The BLS’ New Tenant Rent Index fell 9.3% year-over-year through the end of Q2 2025. This data tracks what is happening with rents much closer to real time and tends to lead the shelter component of CPI (which tracks the rental market on a significant lag and uses a concerning amount of survey data).

If the CPI’s shelter component “catches down” to the New Tenant Rent Index it would provide significant downward pressure on CPI prints in the coming months.

Carolinas Apartment Absorption Remains Strong

The Carolinas absorbed over 69,200 units in the year-ending 2nd quarter, which was a record for the region and more than double the five-year average.

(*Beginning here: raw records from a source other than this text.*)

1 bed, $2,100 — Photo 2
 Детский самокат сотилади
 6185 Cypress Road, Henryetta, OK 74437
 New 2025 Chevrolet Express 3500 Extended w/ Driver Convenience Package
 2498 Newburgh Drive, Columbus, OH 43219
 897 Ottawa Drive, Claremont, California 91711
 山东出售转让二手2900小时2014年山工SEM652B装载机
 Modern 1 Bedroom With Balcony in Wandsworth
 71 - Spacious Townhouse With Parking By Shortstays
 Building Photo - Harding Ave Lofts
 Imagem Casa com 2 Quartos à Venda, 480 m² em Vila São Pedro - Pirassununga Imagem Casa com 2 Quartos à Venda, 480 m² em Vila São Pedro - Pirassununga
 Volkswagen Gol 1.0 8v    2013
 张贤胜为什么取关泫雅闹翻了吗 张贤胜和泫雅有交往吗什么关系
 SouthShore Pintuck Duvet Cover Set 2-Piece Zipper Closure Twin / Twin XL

When looking at demand as a share of the region’s total existing unit count, the Carolinas came out notably ahead of the nation’s other regions. The Carolinas had 995,200 existing apartment units as of 2nd quarter, which was the smallest volume nationwide. That means the past year’s demand total represents 7% of the Carolinas region’s existing stock of apartments. 

Source: RealPage

Apartment Demand Continues To Far Outpaces Starts

Across the U.S., apartment demand keeps climbing just as building starts have plummeted. In the year-ending 2nd quarter, nearly four more apartments were absorbed than started, with nearly 800,000 units absorbed, compared to about 215,000 units started. That was an increase from the already solid ratio of 3.4 from the 1st quarter. Charlotte and Raleigh had demand-to-starts ratios between 4.1 and 4.6.

Apartment supply volumes remain elevated, though completions continued to drop in 2nd quarter 2025.

The South saw the steepest pullback, delivering roughly 6,900 units less than in the first three months of 2025 and even fewer than the peak achieved in 3rd quarter 2024.